Keyboard shortcuts

Press or to navigate between chapters

Press S or / to search in the book

Press ? to show this help

Press Esc to hide this help

Memory Dataset

MemoryDataset<T> is a thread-safe in-memory dataset for intermediate pipeline values.

Requires the std feature.

Definition

#[derive(Debug, Serialize, Deserialize)]
pub struct MemoryDataset<T: Clone> {
    #[serde(skip)]
    value: Arc<Mutex<Option<T>>>,
}
  • Starts empty (None)
  • Loading before any save returns PondError::DatasetNotLoaded
  • Thread-safe via Arc<Mutex<_>> — works with both SequentialRunner and ParallelRunner

Usage

#[derive(Serialize, Deserialize)]
struct Catalog {
    intermediate: MemoryDataset<f64>,
}
intermediate: {}

MemoryDataset has no persistent configuration — it always starts empty.
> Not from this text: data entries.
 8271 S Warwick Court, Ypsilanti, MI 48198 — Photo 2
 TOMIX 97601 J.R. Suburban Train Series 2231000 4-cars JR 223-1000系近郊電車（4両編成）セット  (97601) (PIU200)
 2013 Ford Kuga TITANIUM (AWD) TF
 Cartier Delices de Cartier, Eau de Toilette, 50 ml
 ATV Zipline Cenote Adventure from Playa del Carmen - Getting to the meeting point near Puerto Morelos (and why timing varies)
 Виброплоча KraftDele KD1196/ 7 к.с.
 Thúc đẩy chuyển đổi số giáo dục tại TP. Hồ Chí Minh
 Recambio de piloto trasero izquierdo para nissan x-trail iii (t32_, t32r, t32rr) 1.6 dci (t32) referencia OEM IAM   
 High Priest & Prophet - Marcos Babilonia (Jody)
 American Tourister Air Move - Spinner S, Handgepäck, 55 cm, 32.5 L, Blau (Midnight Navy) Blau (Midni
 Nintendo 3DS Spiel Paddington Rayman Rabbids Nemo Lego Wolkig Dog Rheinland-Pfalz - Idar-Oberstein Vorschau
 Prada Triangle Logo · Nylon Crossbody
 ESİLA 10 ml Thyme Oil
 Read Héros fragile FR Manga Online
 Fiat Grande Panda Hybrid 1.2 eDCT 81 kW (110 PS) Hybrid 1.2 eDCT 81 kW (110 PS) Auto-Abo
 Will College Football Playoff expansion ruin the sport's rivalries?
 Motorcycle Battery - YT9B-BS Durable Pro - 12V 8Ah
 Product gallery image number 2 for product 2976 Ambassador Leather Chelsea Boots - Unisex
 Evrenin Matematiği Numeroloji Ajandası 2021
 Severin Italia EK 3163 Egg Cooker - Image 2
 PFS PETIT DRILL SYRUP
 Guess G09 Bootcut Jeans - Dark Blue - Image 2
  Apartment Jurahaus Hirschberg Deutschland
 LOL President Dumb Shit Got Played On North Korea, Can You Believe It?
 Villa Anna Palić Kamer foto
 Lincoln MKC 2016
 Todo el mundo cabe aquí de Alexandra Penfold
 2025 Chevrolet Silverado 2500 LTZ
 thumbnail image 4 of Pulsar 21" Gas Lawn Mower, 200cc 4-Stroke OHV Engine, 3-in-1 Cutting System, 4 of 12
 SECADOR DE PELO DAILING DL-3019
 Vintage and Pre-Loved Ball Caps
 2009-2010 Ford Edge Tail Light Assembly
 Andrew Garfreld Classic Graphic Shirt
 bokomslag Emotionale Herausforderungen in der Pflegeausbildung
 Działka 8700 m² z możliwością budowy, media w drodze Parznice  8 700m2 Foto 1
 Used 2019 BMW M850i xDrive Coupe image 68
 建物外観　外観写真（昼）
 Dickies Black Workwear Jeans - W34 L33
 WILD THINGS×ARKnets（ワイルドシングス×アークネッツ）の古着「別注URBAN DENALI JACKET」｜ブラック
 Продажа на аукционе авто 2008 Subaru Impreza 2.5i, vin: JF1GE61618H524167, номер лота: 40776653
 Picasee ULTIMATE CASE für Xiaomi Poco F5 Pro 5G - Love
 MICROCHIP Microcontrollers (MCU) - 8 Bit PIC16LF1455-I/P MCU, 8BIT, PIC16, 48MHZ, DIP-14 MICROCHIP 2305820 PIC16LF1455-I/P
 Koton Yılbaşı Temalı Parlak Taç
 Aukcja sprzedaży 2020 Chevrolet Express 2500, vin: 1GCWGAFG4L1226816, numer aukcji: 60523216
In YAML, use an empty mapping {}.

When to use

Use MemoryDataset for intermediate values that are computed by one node and consumed by another, without needing to persist to disk:

(
    Node {
        name: "compute",
        func: |input: DataFrame| {
            let mean = input.column("value").unwrap().mean().unwrap();
            (mean,)
        },
        input: (&cat.raw_data,),
        output: (&cat.mean_value,),  // MemoryDataset<f64>
    },
    Node {
        name: "use_result",
        func: |mean: f64| (format!("Mean: {mean}"),),
        input: (&cat.mean_value,),
        output: (&cat.report,),
    },
)

Parallel safety

MemoryDataset is safe for use with the ParallelRunner. The Mutex ensures that concurrent reads and writes are properly synchronized. However, the parallel runner’s dependency analysis ensures that a node won’t try to read a MemoryDataset until the node that writes to it has completed.

no_std alternative

In no_std environments, use CellDataset instead. It uses Cell instead of Arc<Mutex<_>>, but is limited to Copy types and single-threaded use.